Добавим сюда же утверждение французского исследователя: «В Рудине текла его (Тургенева. — Е. К.) кровь, он поразительно походил на него» (Труайя А. Иван Тургенев. М., 2003. С. 96). Так что эта ассоциативная цепочка Тургенев — Рудин — Кармазинов в сознании Достоевского могла быть вполне обоснованной и не случайной.

Кармазинов, как, вероятно, и его реальный прототип, для Достоевского — такой же «отец» российской бесовщины, как и его ровесник, либерал 40-х годов Степан Трофимович Верховенский, костюм которого, кстати, тоже отмечен красным цветом. После прибытия в город нового губернатора Степан Трофимович явно вызывающе меняет свой обычный белый галстук на красный, тем самым как бы подчеркивая свою оппозиционность к новой администрации, что, впрочем, вызывает неудовольствие его покровительницы, Варвары Петровны Ставрогиной. Обычная домашняя одежда Верховенского-старшего — красная фуфайка, то есть дома он всегда красный, а на людях (в галстуке) иногда.

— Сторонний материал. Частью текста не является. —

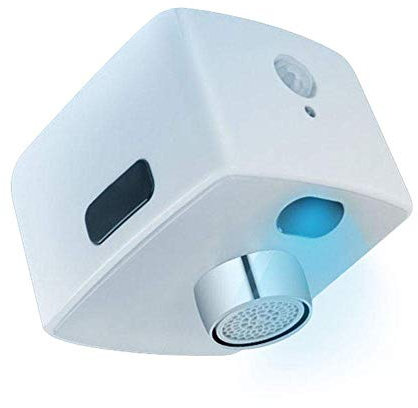 Zengkei Touchless Faucet Adapter, Infrared Induction Water Saving Device Automatic Sensor Kitchen Bathroom Sink Water Saver Motion Sensor Adapter Water Overflow Protection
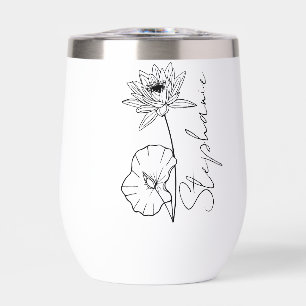 Elegant Script Name Lotus July Birth Month Flower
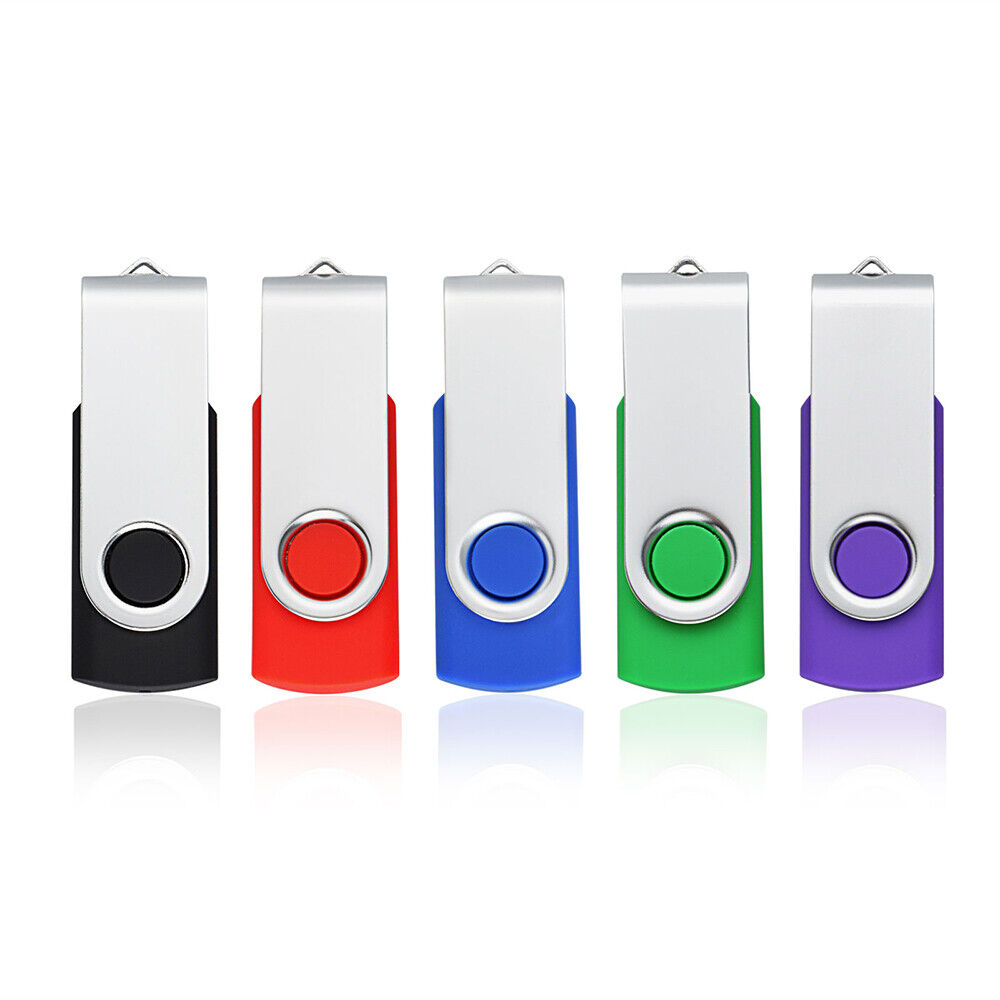 High-Capacity USB Flash Drives - 4GB to 128GB Options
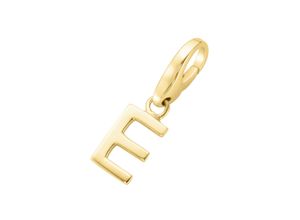 4007810744090 - Charm Buchstabe GIORGIO MARTELLO MILANO Buchstabe E Silber 925 Charms goldfarben (gold) Damen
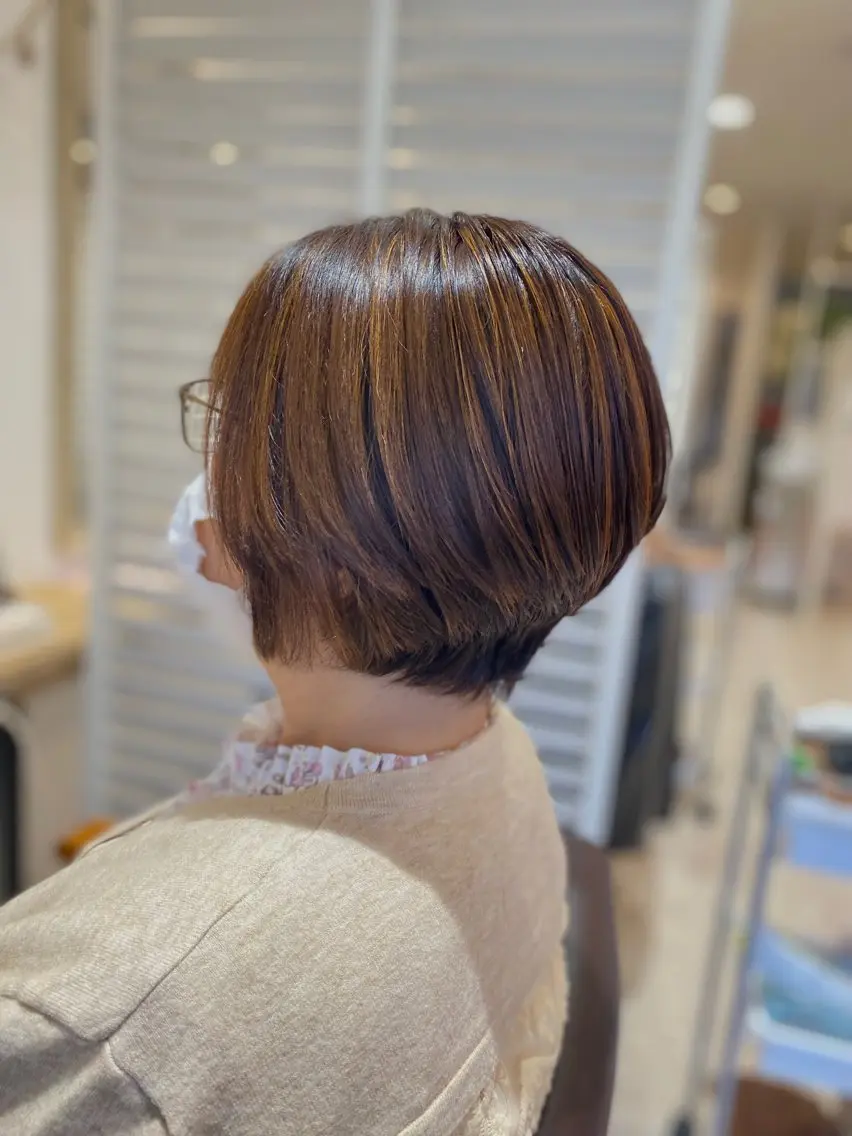 ショート カラー 【ミルメルシー】 HARUKAのヘアスタイル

Великий русский писатель Тургенев, конечно, не равен маленькому Гамлету 40-х годов, типичному интеллигенту-неудачнику Степану Верховенскому. Кстати, Л. Гроссман назвал его и Дон Кихотом российского гегельянства в статье «Достоевский и правительственные круги 1870-х годов». И гораздо менее повинен Тургенев (если повинен вообще) в российской бесовщине, если сравнить его с тем же Бакуниным, наставником и учителем С. Нечаева, одного из самых радикальных революционеров своего времени (история Нечаева, как известно, стала толчком к написанию и основанием сюжета «Бесов»). Но ведь и Достоевский писал не историческое исследование, а роман, в котором он мог дать волю своим чувствам, в том числе и неприязненному (в то время) чувству к Тургеневу.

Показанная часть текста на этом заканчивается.